Оба других бальзамировщика выглядели потрясенными, но тщательно пытались скрыть это за привычными масками достоинства.
– Отойди. От. Тела, – повторил жрец. Его голос дрогнул, хоть и едва заметно – словно он пытался убедить себя самого. – Она мертва, как и остальные. И лучше ей оставаться мертвой!
– Мертвые не бросаются на живых, – веско возразил Нахт прежде, чем Бек успел остановить его. – Не истекают кровью…
– И не дышат, – хмыкнул старик, плотно перетягивая полосами льна бока девушки. В спертом воздухе зала стоял тяжелый запах крови, смол и целебных трав.
– Вы просто не понимаете происходящего, – более миролюбиво добавил другой бальзамировщик, придержав за плечо своего товарища. – Мы должны закончить. Если бы вы знали, что случилось, и кто отдавал нам приказы – предпочли бы не вмешиваться.
– Так, – Бек обвел всех хмурым взглядом. – Прежде, чем мы перегрыземся между собой, вам лучше объя…
Его прервал грохот у двери – кто-то пытался вломиться внутрь.
– Командир, они уже здесь! – крикнул один из воинов, охранявших двери.
Бек переглянулся с Нахтом.
– Надеюсь, стреляешь ты так же хорошо, как о вас говорят. А вы, – он кивнул жрецам, – займитесь пока лучше тем, кто уже точно мертв.
Выходя из зала вслед за командиром, меджай коротко посмотрел на девчонку, оставшуюся на попечении старика и собаки. Так себе охрана, но лучше не было. Мерзкий голосок внутри нашептывал, что он и без того уже успел испортить себе жизнь из-за этой незнакомки. К тому же Нахт понимал: если сейчас им не удастся разогнать толпу – не поможет он уже не только этой живой-мертвой, но даже себе самому.
– Вас гонит голод! Мы это понимаем. И никого не хотим убивать. Возвращайтесь!
Голос воина гремел над улицей. Небольшой отряд меджаев едва держал волну людей на щитах, при этом не пуская в ход копья. Пока. Их никто не слушал и не слышал. Толпа пыталась прорвать хрупкий заслон, готовая пожертвовать любым. Звучали проклятия, что-то о неисполненных обещаниях, голодающих семьях и скудном урожае, и о нарушенном Законе Маат.
– Я открываю кладовые! Но вы должны отступить! Открываю, слышите? – Этот голос потонул в общем хаосе, сокрушительном, как бурные пороги Итеру. Командир отряда вскинул руку, отступая к дверям. Вместе с товарищем они отперли тяжелый засов, нарушив все мыслимые правила, до которых здесь и сейчас никому не было дела. По его приказу отряд расступился, пропуская поток людей в житницы – в сокровищницы, полные тем, что дороже золота.
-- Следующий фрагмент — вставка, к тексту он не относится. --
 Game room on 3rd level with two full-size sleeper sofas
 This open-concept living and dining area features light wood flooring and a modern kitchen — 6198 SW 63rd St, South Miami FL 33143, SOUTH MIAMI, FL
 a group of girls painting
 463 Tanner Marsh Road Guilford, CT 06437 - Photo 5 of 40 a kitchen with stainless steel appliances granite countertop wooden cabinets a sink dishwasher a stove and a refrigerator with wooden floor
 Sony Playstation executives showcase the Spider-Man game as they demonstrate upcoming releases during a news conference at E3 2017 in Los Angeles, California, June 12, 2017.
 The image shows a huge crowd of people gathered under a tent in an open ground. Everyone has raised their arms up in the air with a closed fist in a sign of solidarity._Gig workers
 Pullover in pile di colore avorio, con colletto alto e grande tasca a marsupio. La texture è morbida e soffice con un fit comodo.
Но даров никогда не бывает достаточно…
– Папа!
– Что ты здесь делаешь? Немедленно возвращайся.
– Сюда идут другие. С оружием! Я видел! – запыхавшись, он затараторил, рассказывая о вооруженной толпе. О пожаре, перекинувшемся от святилища к домам.
Меджаи обеспокоенно переговаривались. Покинуть пост, примкнуть к другим отрядам? Или встретить угрозу?
Но он все-таки успел – добежать, предупредить – и очень собой гордился!
– Ты молодец, – отец улыбнулся, пряча тревогу. – Только теперь тебе нужно спрятаться, хорошо? Сделаешь это для меня?